#### TASK INPUTS ####

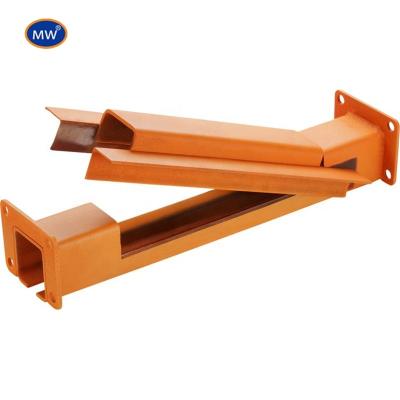 China Building Material Stores Car Production Line Control Track For Trolley Overhead Drive Chain Conveyor Line for sale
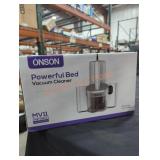 Onson powerful bed vacuum cleaner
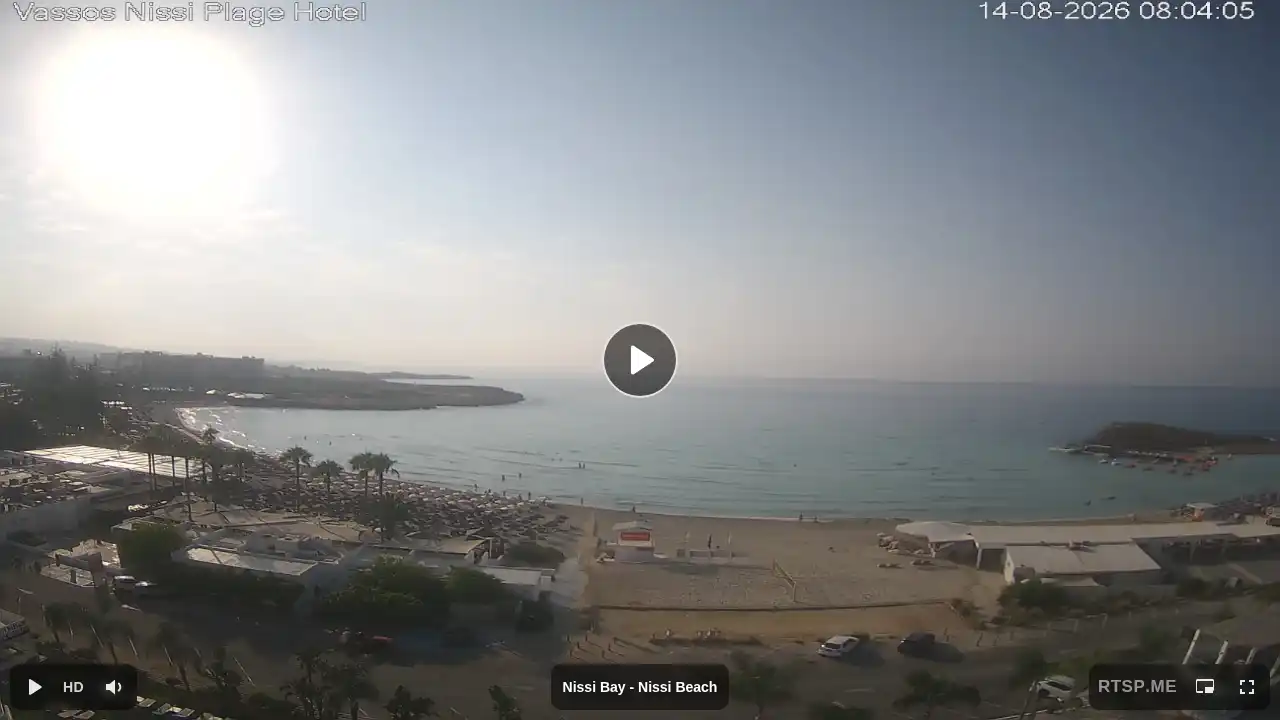 Webcam-Aufnahme aus :city — 14. August 2026 05:00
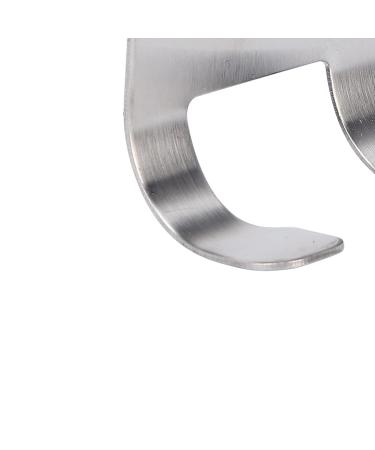 Self-Adhesive Razor Holder - Smooth Edges Shower Hook for Bathroom & Kitchen - International Shipping Available - Buy Online on GoSupps.com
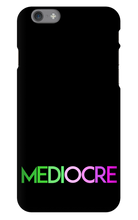 mediocre_metz iPhone Phone Cases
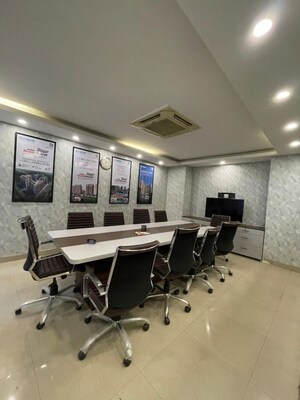 Team Area in  Office Space at Sector 2 – for Rent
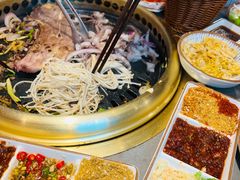 -蔡马洪涛烤肉·老北京火锅(未来科技城店)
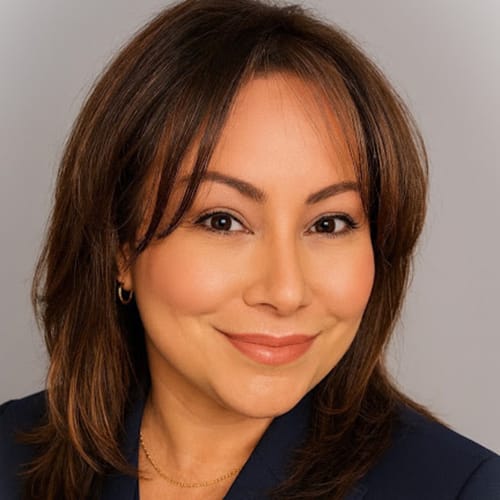 Headshot of Melanie Trevino, LPC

####

### TASK DETAILS
Repeat each record exactly as shown above, dropping all images.

### EXERCISE OUTPUT
 China Building Material Stores Car Production Line Control Track For Trolley Overhead Drive Chain Conveyor Line for sale
 Onson powerful bed vacuum cleaner
 Webcam-Aufnahme aus :city — 14. August 2026 05:00
 Self-Adhesive Razor Holder - Smooth Edges Shower Hook for Bathroom & Kitchen - International Shipping Available - Buy Online on GoSupps.com
 mediocre_metz iPhone Phone Cases
 Team Area in  Office Space at Sector 2 – for Rent
 -蔡马洪涛烤肉·老北京火锅(未来科技城店)
 Headshot of Melanie Trevino, LPC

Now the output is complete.